### WORK ORDER
Restate exactly the lines of the entries below, beginning with the first and ending with the line that holds "Archontiko Metsovou Boutique Hotel". Pictures are not copied.

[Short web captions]
-- Opening Marker --

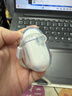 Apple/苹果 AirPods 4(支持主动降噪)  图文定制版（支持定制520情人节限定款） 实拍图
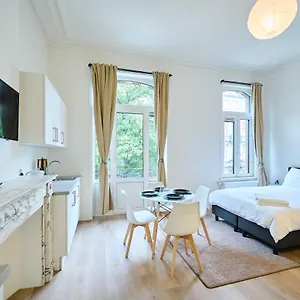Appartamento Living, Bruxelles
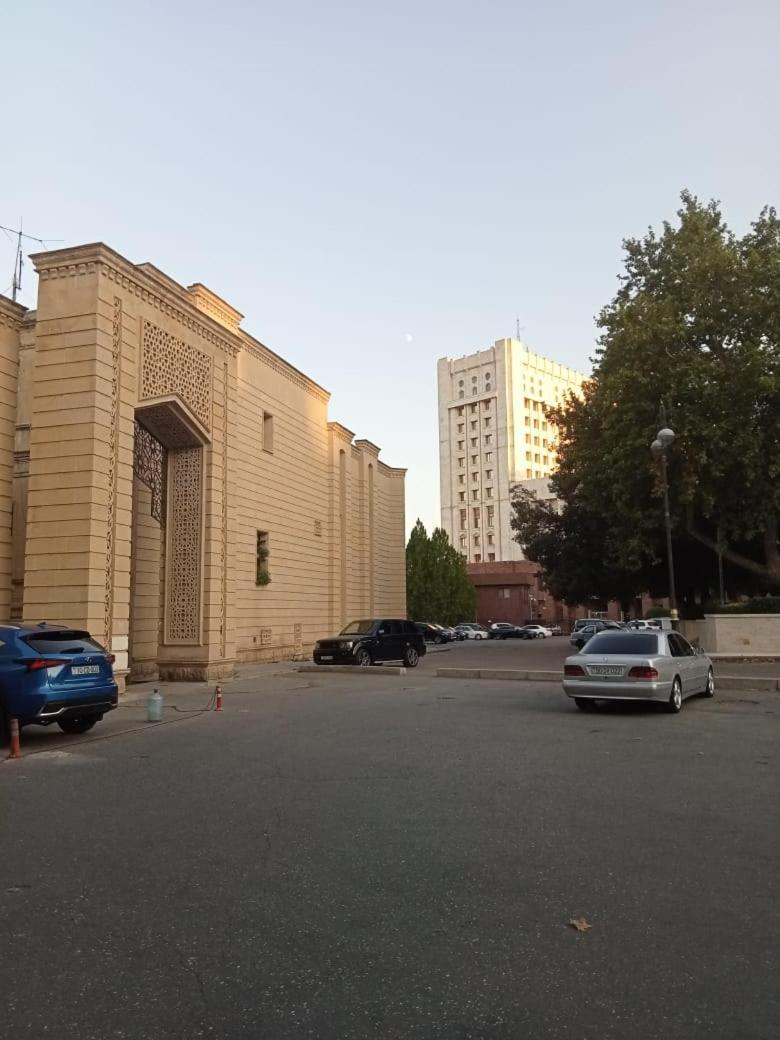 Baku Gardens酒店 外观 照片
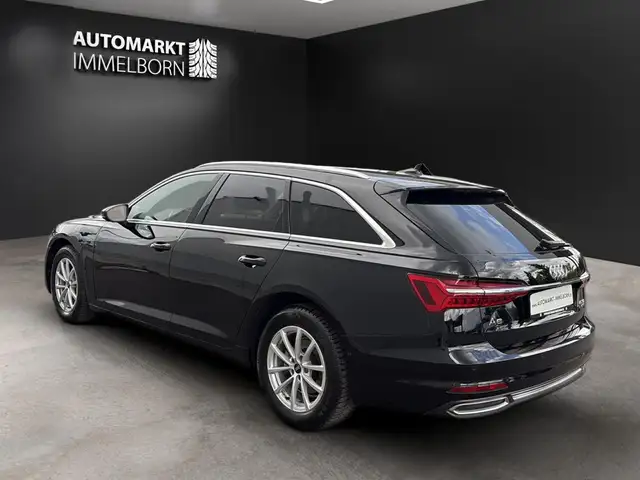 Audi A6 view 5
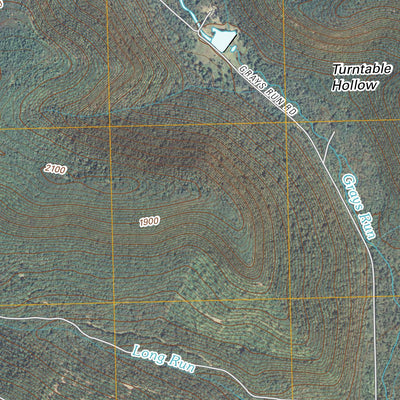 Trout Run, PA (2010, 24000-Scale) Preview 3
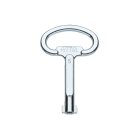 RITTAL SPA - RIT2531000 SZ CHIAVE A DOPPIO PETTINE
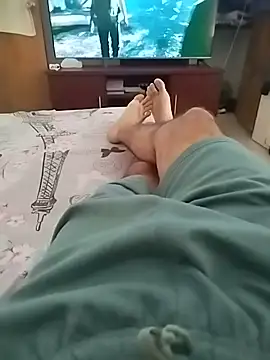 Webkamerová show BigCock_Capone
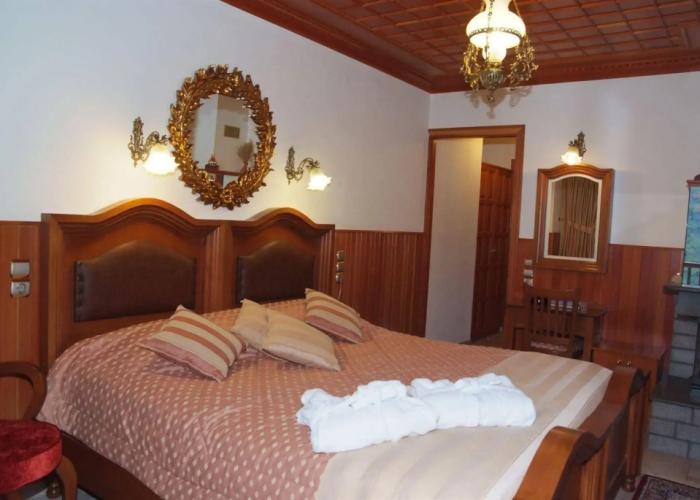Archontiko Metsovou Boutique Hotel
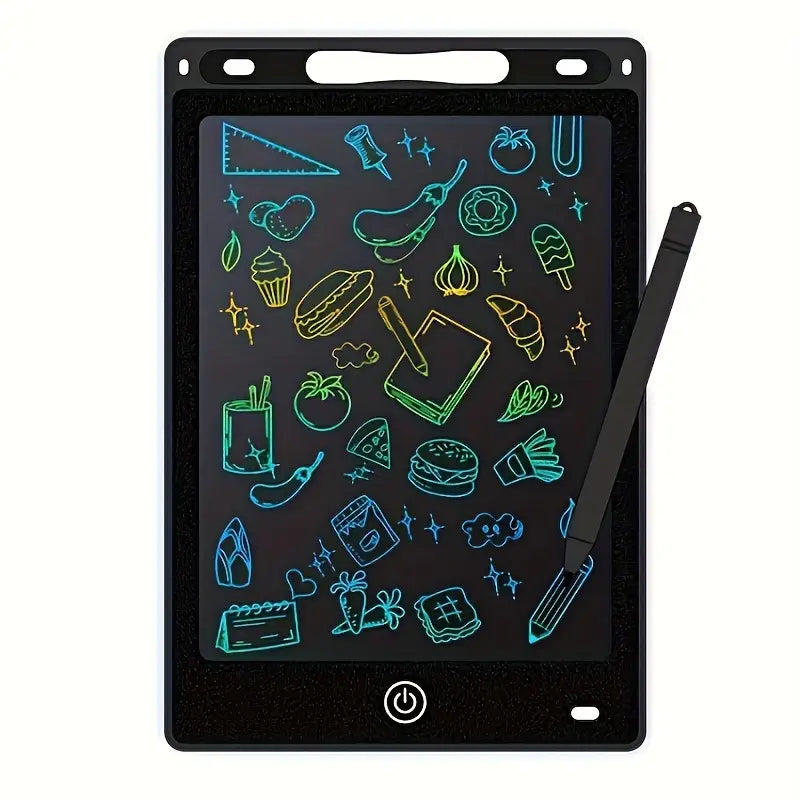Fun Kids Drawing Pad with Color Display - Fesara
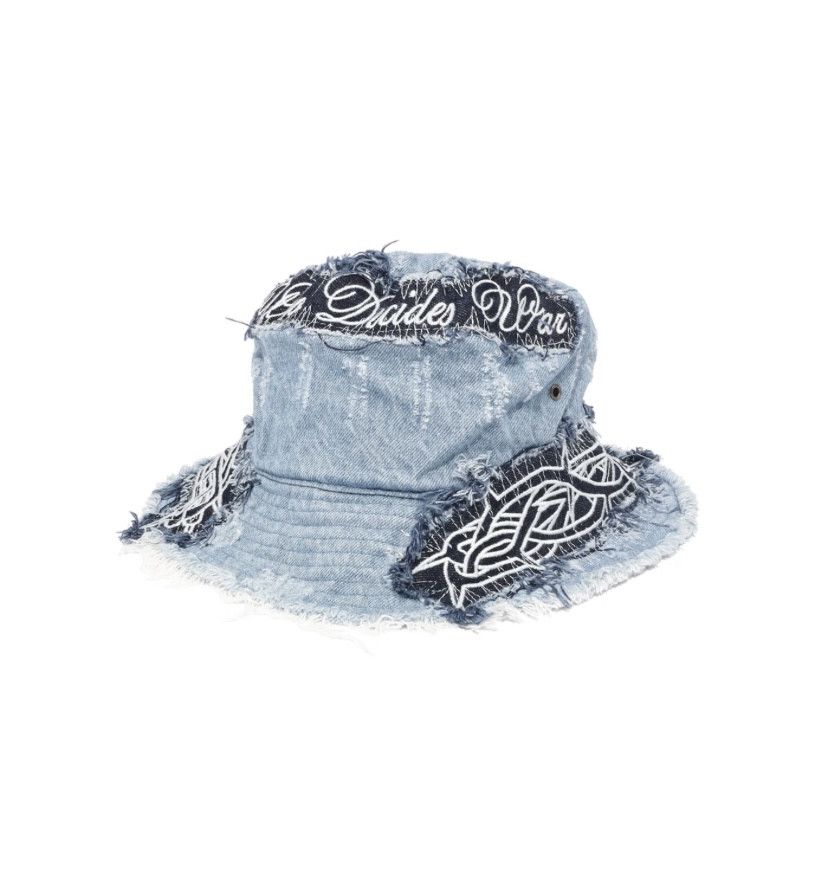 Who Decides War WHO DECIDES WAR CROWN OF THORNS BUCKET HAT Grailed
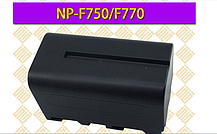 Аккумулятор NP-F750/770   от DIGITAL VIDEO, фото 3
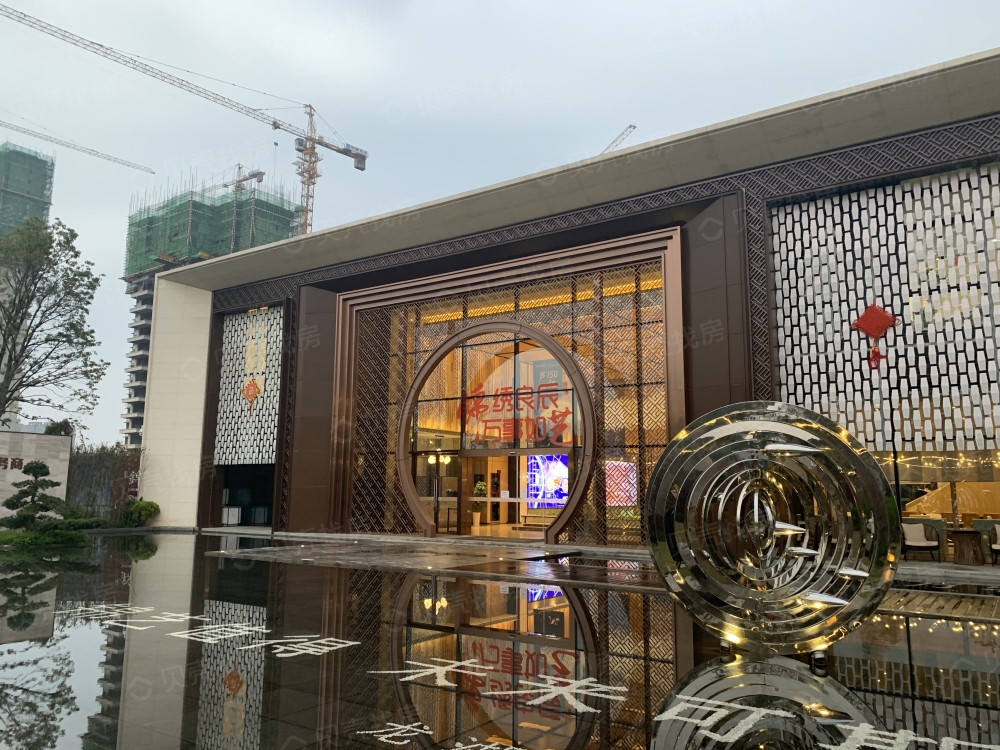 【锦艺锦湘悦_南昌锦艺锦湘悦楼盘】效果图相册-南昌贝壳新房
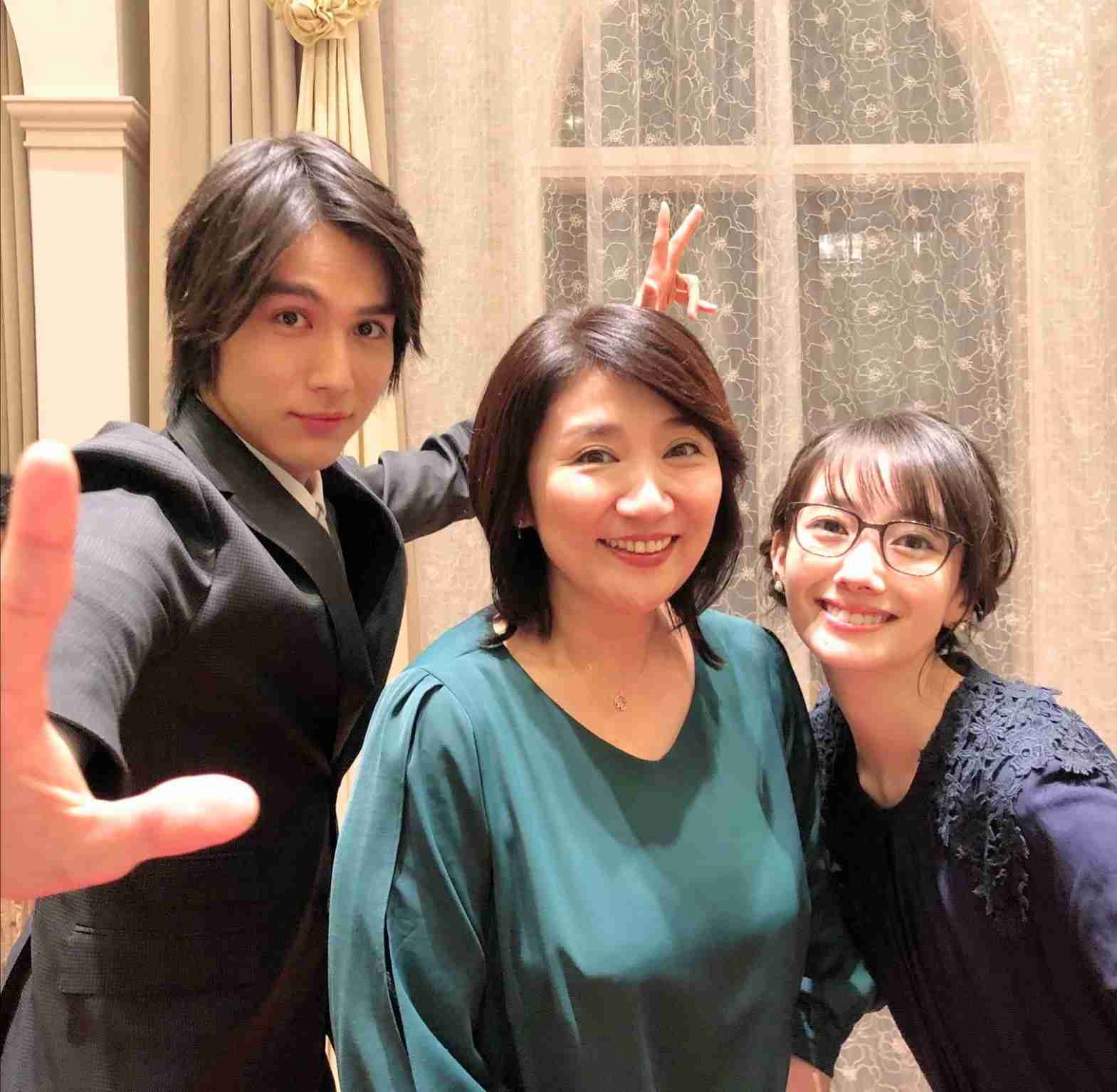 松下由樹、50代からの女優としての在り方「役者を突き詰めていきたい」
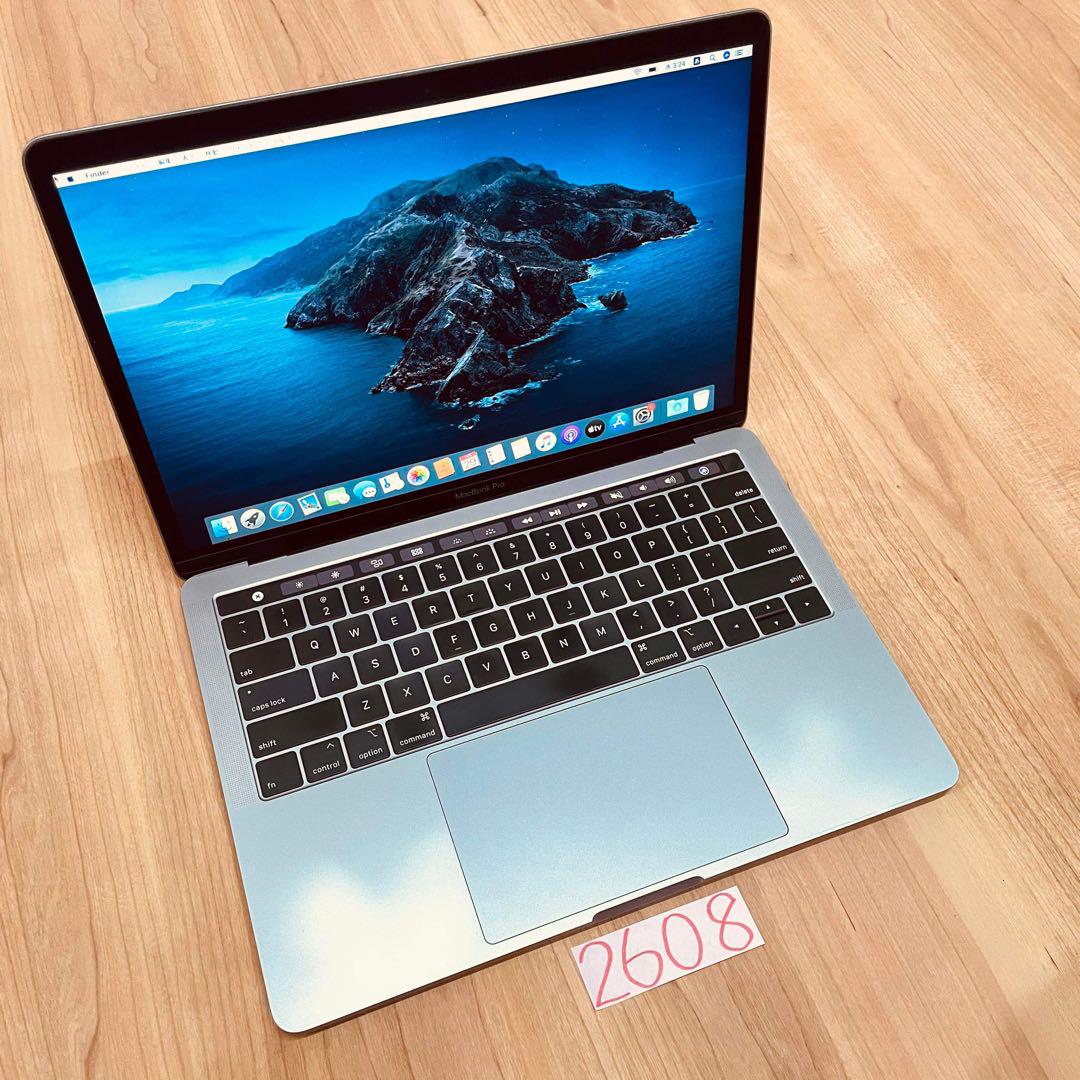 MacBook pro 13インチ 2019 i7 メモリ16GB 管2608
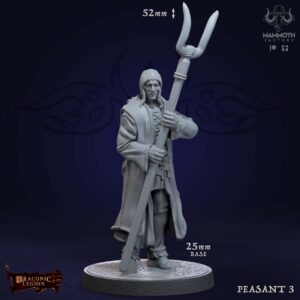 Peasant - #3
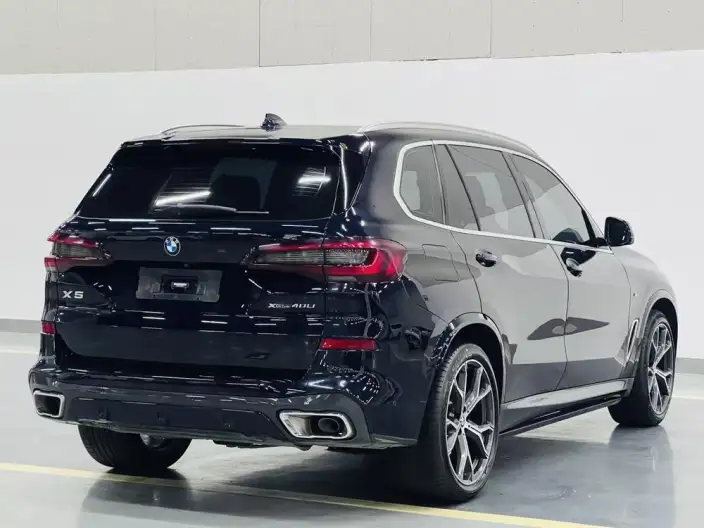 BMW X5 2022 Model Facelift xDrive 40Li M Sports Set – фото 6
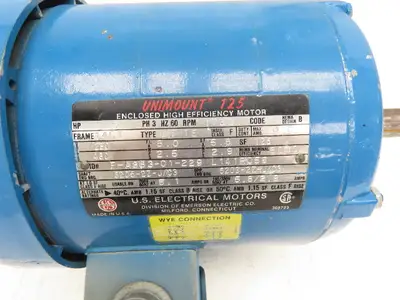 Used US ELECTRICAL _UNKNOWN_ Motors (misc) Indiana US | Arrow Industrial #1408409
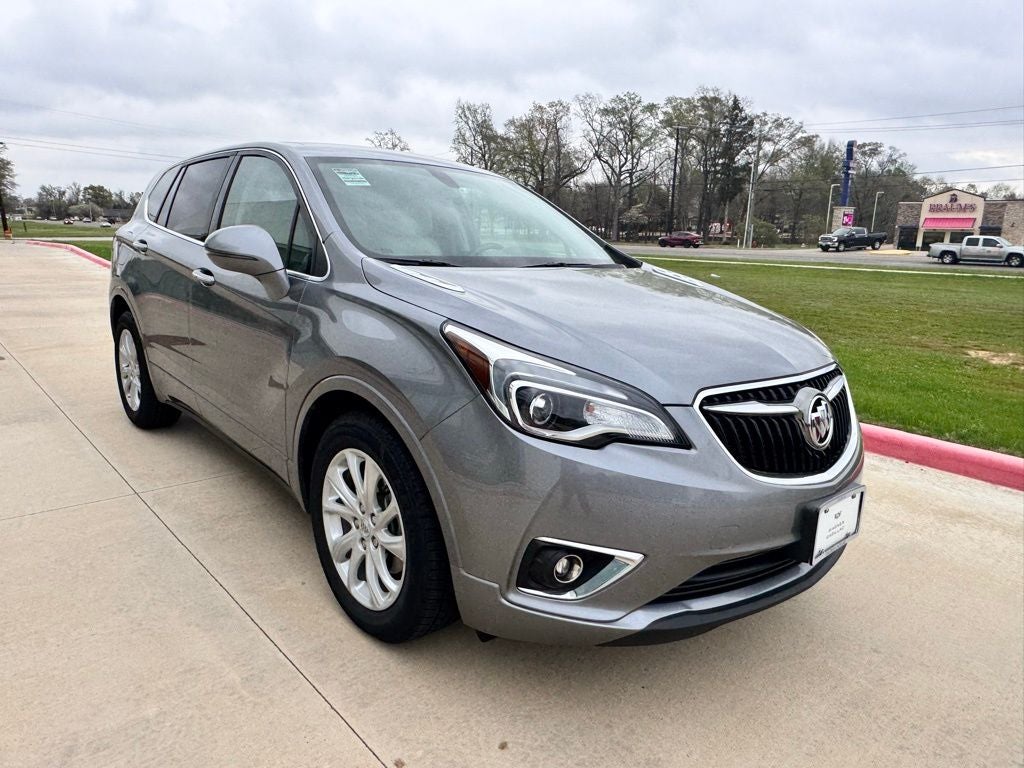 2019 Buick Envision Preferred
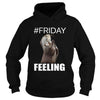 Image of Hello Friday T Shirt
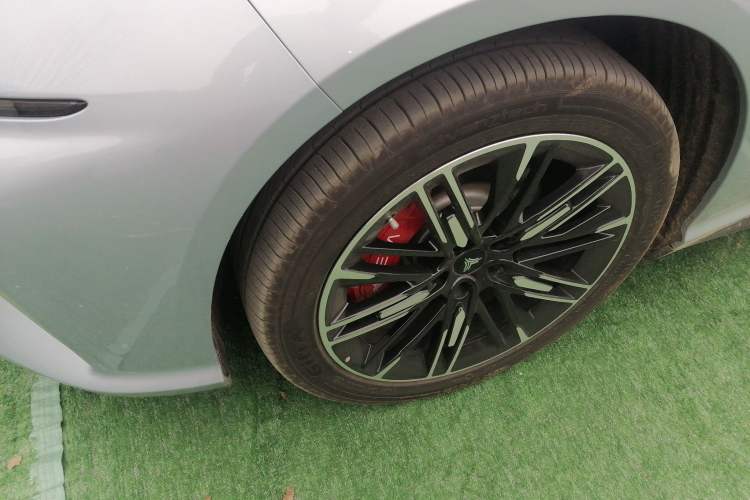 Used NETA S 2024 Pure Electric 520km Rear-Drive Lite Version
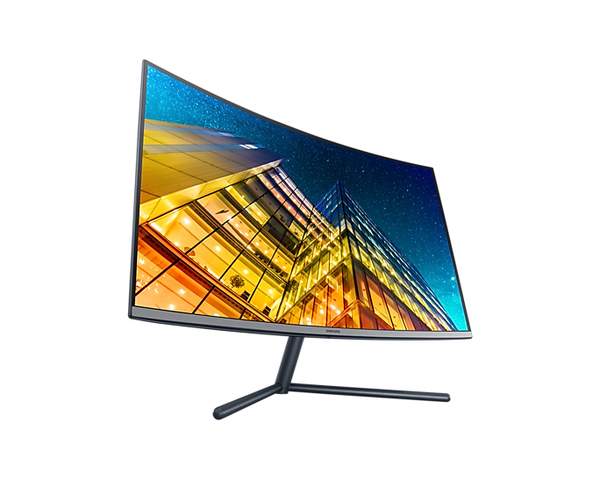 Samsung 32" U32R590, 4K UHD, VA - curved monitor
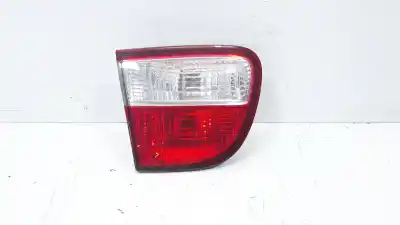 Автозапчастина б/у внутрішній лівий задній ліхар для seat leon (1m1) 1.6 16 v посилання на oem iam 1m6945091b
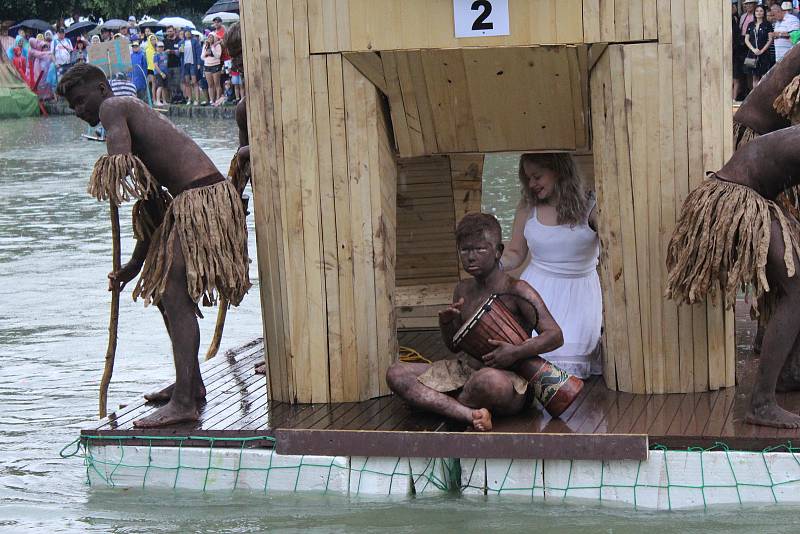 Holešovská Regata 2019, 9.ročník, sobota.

-- Closing Marker --

### OUTPUT
 Apple/苹果 AirPods 4(支持主动降噪)  图文定制版（支持定制520情人节限定款） 实拍图
Appartamento Living, Bruxelles
 Baku Gardens酒店 外观 照片
 Audi A6 view 5
 Trout Run, PA (2010, 24000-Scale) Preview 3
 RITTAL SPA - RIT2531000 SZ CHIAVE A DOPPIO PETTINE
 Webkamerová show BigCock_Capone
Archontiko Metsovou Boutique Hotel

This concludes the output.